▶ Exercise directions
From first line to last, give the records again word for word and omit the pictures.

Web page caption snippets:
....

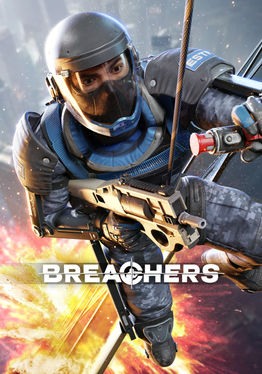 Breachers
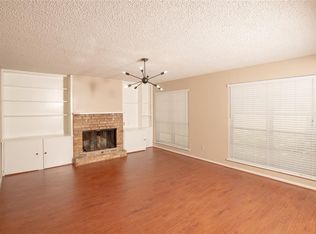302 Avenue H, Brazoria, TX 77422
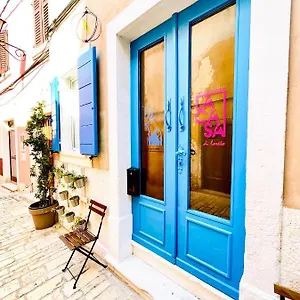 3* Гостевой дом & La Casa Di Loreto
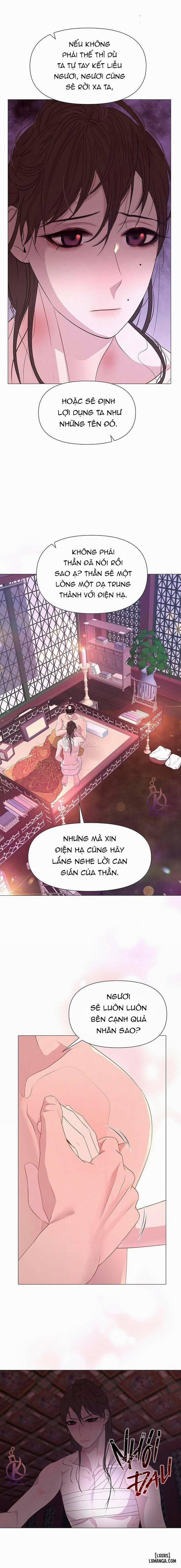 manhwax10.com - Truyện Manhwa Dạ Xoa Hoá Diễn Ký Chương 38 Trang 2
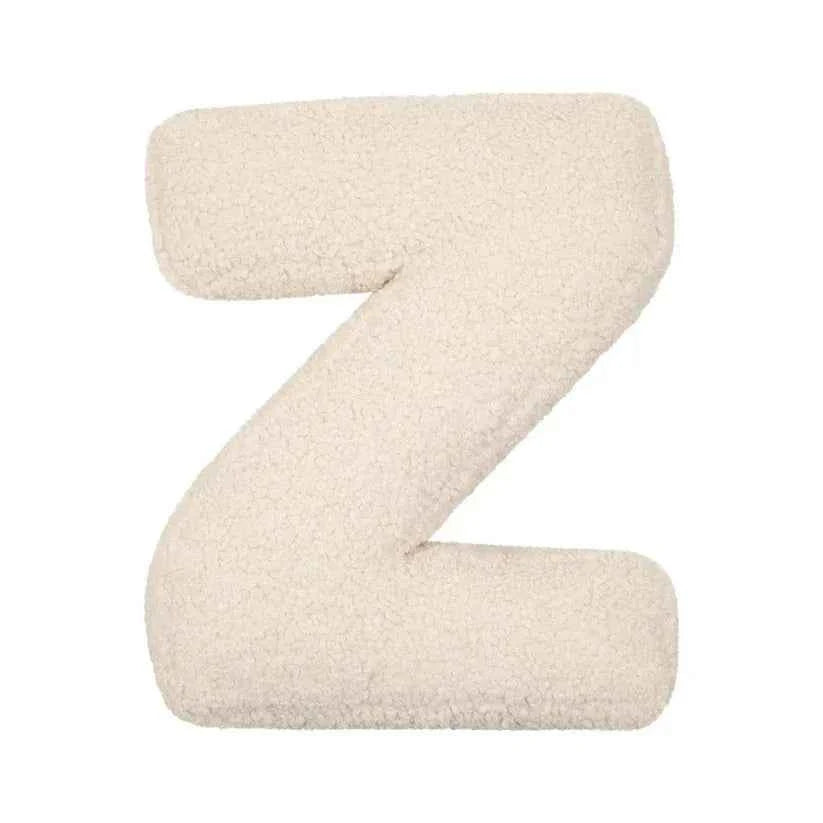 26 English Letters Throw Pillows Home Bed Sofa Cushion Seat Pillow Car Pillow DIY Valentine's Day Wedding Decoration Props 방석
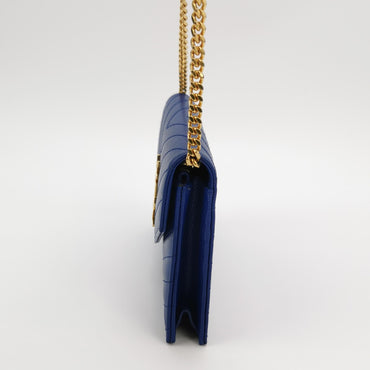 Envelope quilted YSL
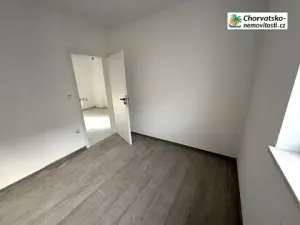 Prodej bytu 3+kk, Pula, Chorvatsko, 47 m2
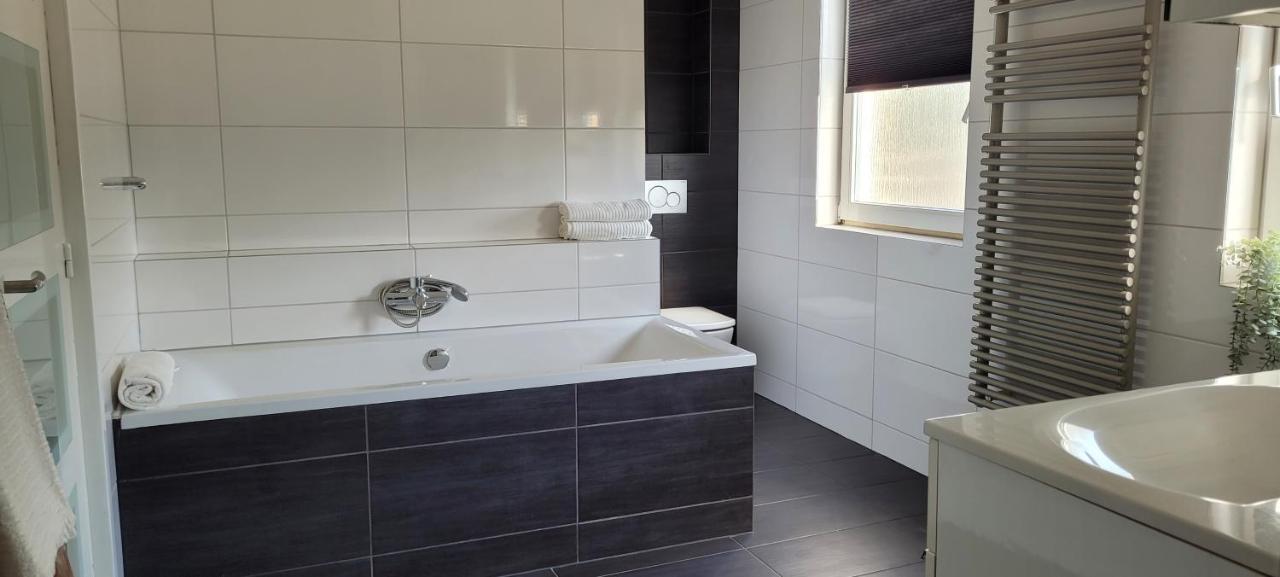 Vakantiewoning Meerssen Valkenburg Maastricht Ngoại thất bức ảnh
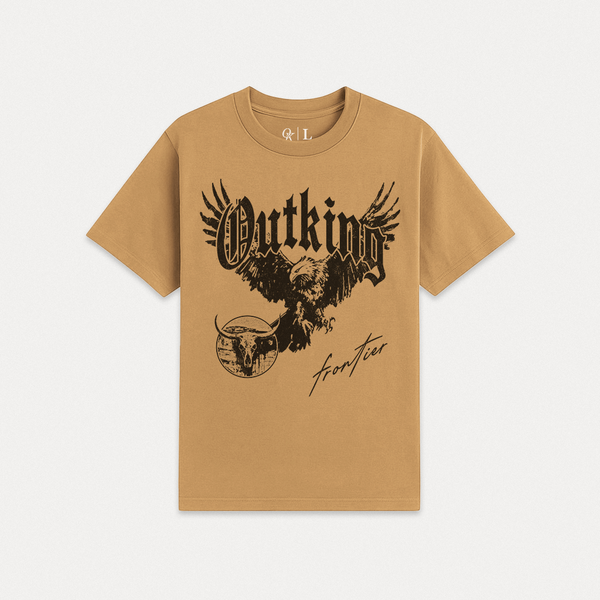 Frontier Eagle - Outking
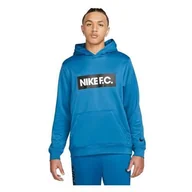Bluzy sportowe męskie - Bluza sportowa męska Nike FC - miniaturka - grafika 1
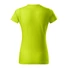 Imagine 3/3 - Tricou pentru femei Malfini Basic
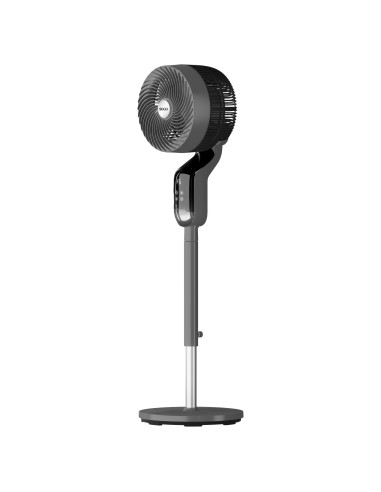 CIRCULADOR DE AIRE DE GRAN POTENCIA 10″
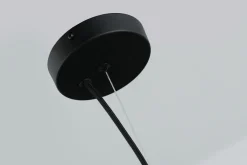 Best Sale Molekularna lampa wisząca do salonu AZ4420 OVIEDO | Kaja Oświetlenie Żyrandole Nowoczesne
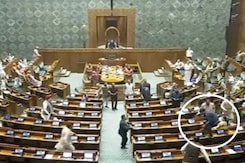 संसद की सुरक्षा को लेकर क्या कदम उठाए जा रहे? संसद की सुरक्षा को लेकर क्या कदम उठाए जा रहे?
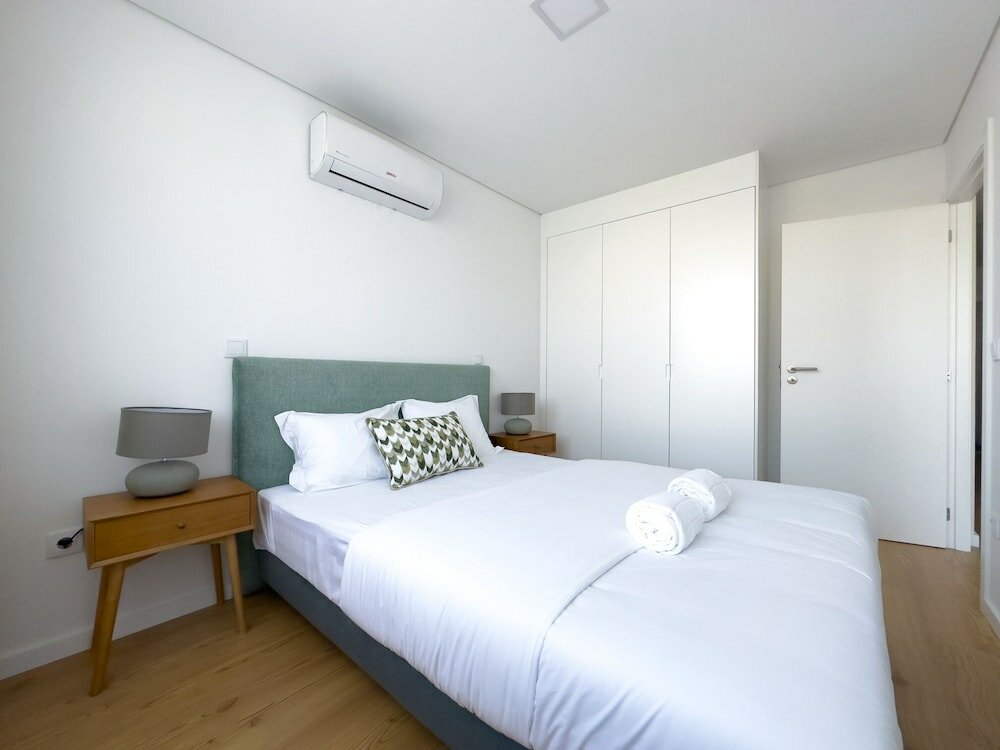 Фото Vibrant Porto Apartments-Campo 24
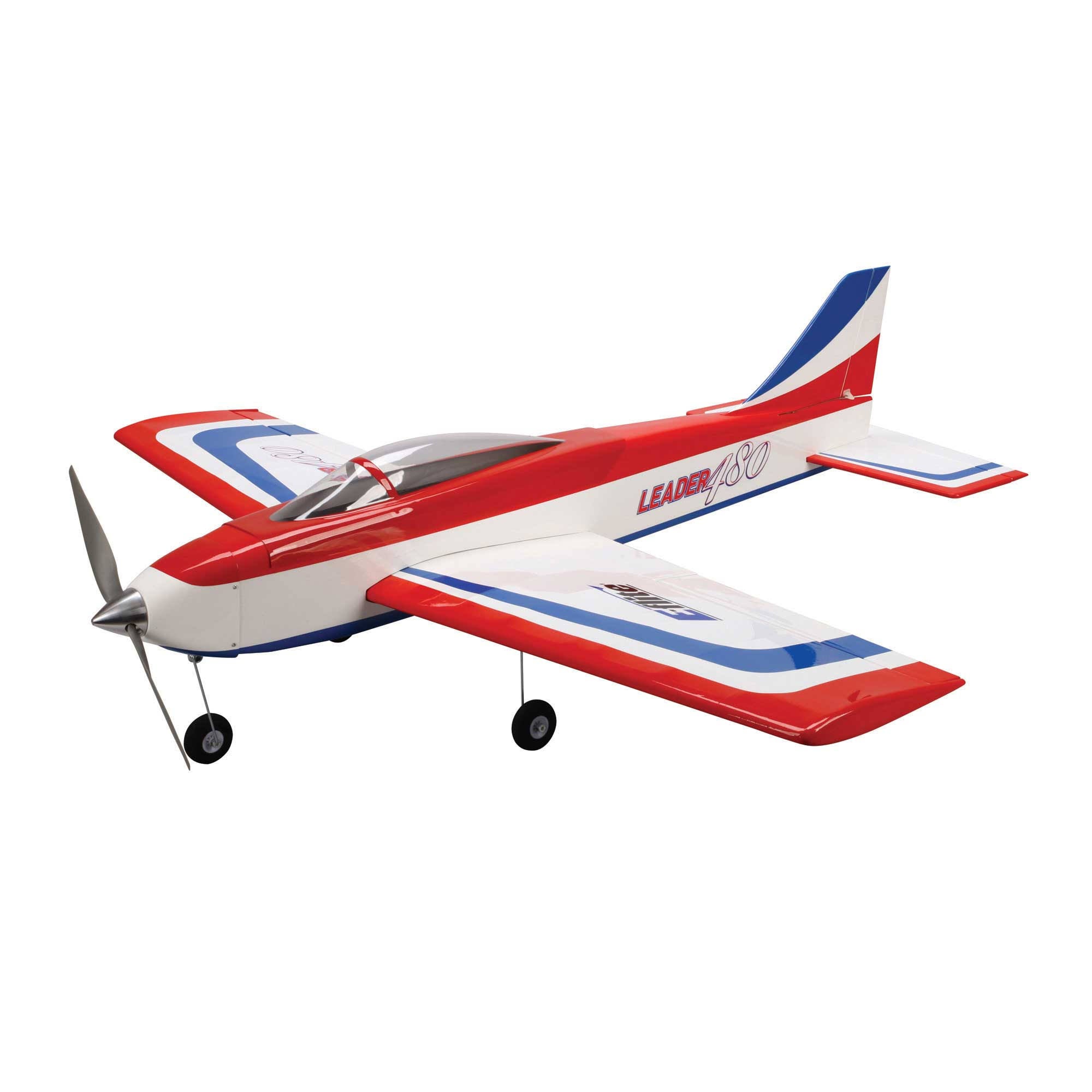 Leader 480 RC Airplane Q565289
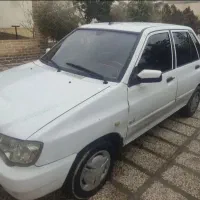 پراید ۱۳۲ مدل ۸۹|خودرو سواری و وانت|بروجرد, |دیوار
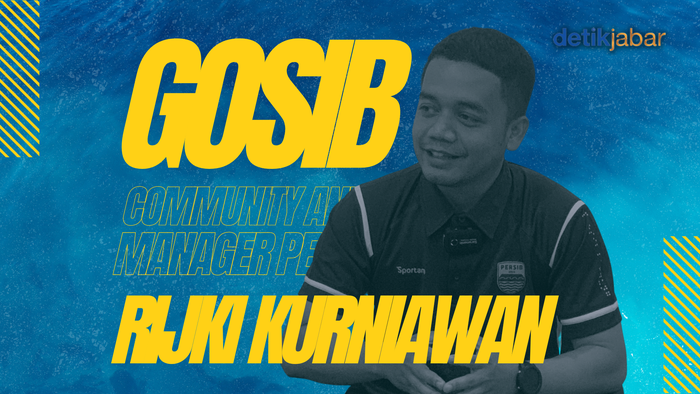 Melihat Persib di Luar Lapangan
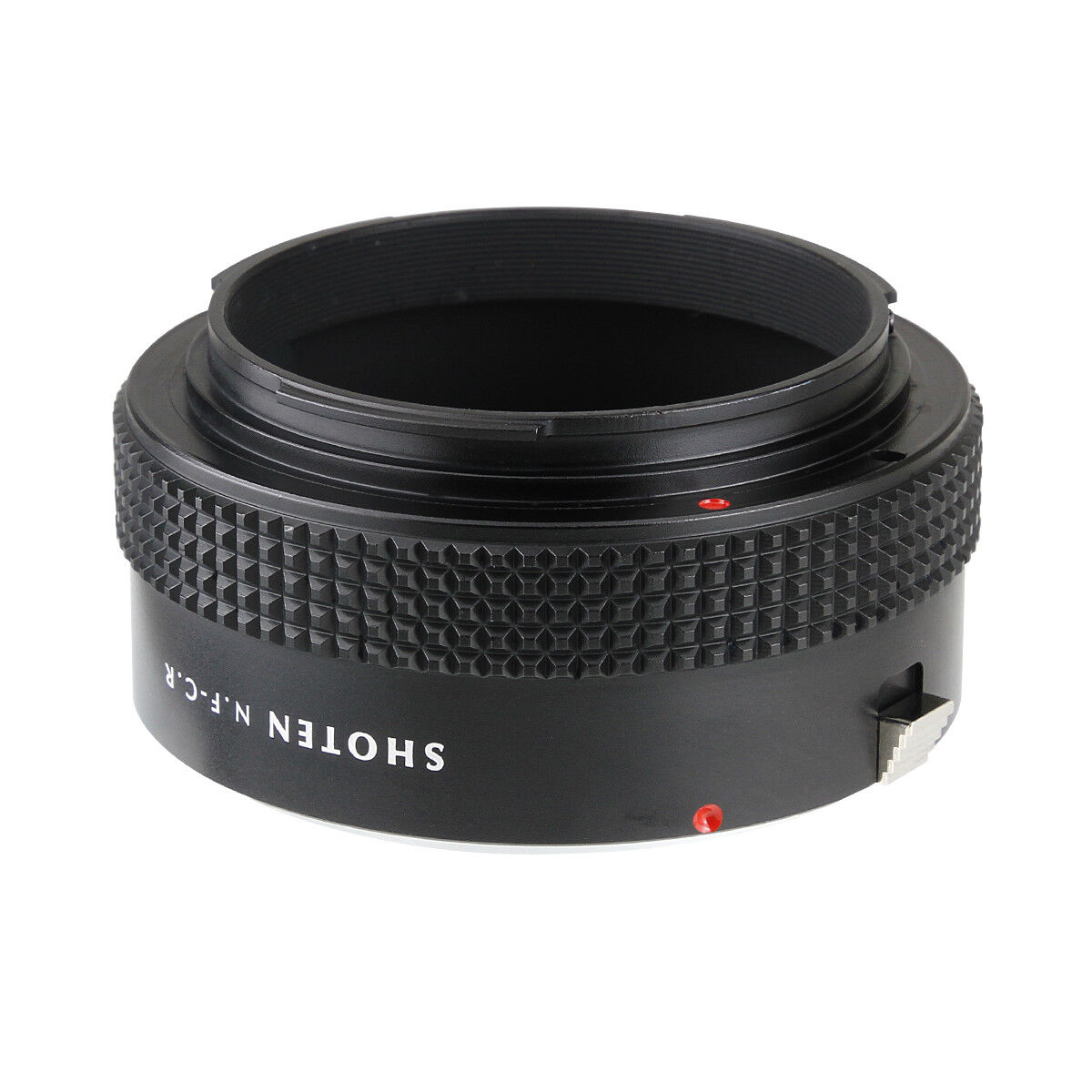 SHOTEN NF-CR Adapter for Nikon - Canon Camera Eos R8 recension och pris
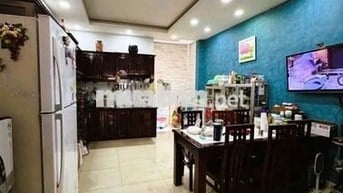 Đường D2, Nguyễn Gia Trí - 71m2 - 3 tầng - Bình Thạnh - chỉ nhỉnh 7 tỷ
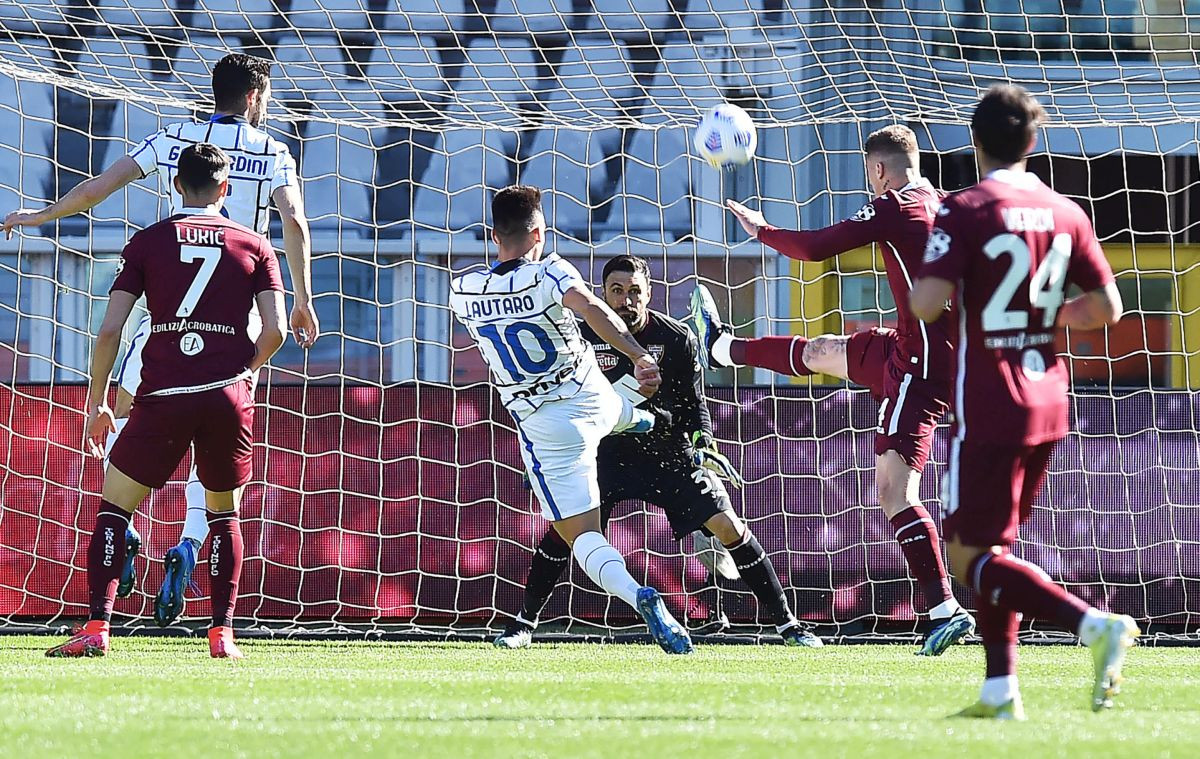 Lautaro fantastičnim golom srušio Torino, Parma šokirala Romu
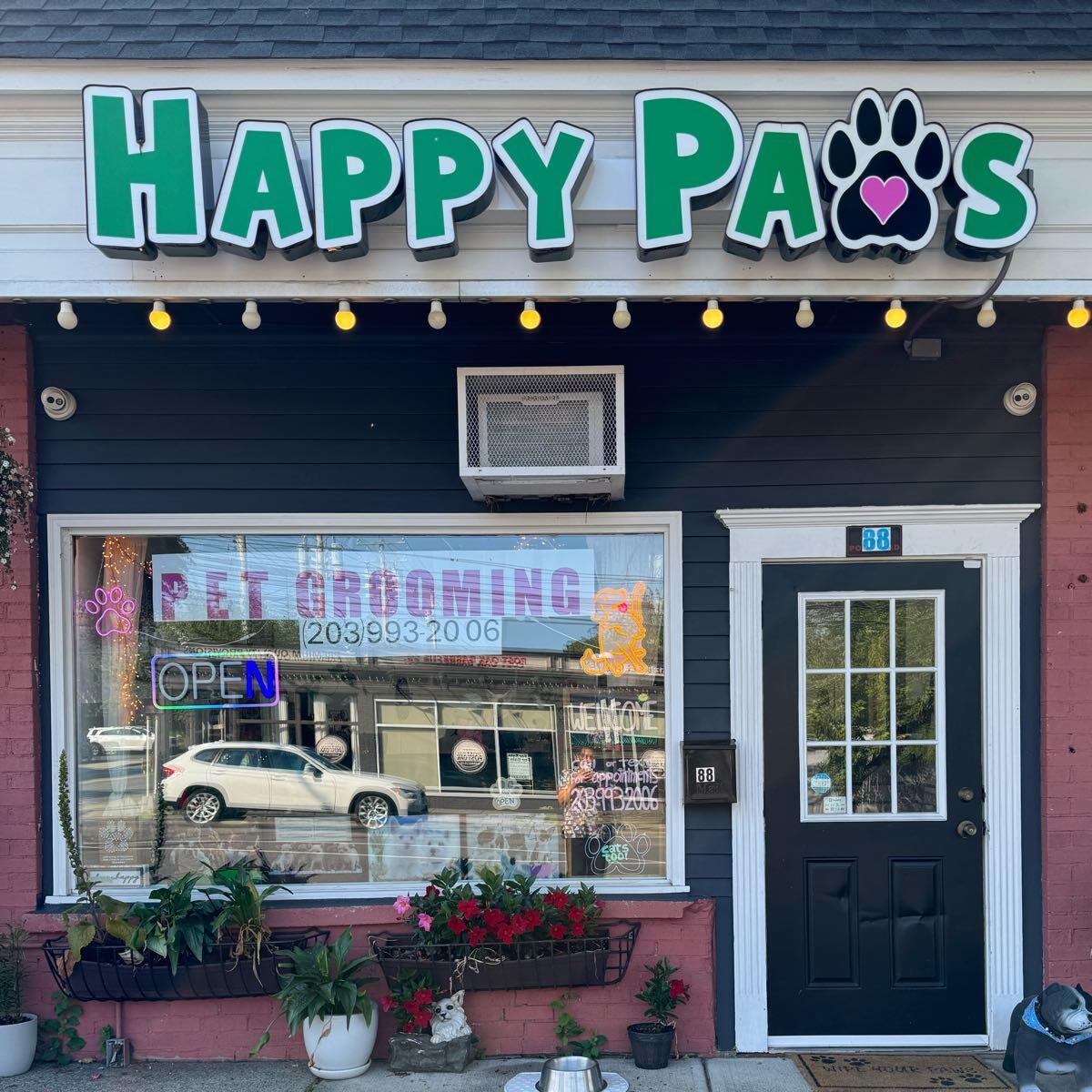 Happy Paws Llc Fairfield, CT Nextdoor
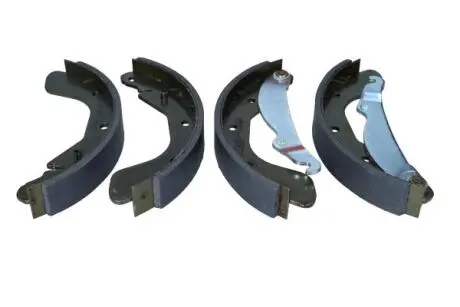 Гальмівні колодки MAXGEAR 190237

....

▶ Result of the exercise
 Breachers
302 Avenue H, Brazoria, TX 77422
 3* Гостевой дом & La Casa Di Loreto
 manhwax10.com - Truyện Manhwa Dạ Xoa Hoá Diễn Ký Chương 38 Trang 2
 26 English Letters Throw Pillows Home Bed Sofa Cushion Seat Pillow Car Pillow DIY Valentine's Day Wedding Decoration Props 방석
 Envelope quilted YSL
 Prodej bytu 3+kk, Pula, Chorvatsko, 47 m2
 Vakantiewoning Meerssen Valkenburg Maastricht Ngoại thất bức ảnh
 Frontier Eagle - Outking
Bluzy sportowe męskie - Bluza sportowa męska Nike FC - miniaturka - grafika 1
 Imagine 3/3 - Tricou pentru femei Malfini Basic
 CIRCULADOR DE AIRE DE GRAN POTENCIA 10″
 Best Sale Molekularna lampa wisząca do salonu AZ4420 OVIEDO | Kaja Oświetlenie Żyrandole Nowoczesne
 संसद की सुरक्षा को लेकर क्या कदम उठाए जा रहे? संसद की सुरक्षा को लेकर क्या कदम उठाए जा रहे?
 Фото Vibrant Porto Apartments-Campo 24
 Leader 480 RC Airplane Q565289
 پراید ۱۳۲ مدل ۸۹|خودرو سواری و وانت|بروجرد, |دیوار
 Melihat Persib di Luar Lapangan
 SHOTEN NF-CR Adapter for Nikon - Canon Camera Eos R8 recension och pris
 Đường D2, Nguyễn Gia Trí - 71m2 - 3 tầng - Bình Thạnh - chỉ nhỉnh 7 tỷ
 Lautaro fantastičnim golom srušio Torino, Parma šokirala Romu
 Happy Paws Llc Fairfield, CT Nextdoor
 Гальмівні колодки MAXGEAR 190237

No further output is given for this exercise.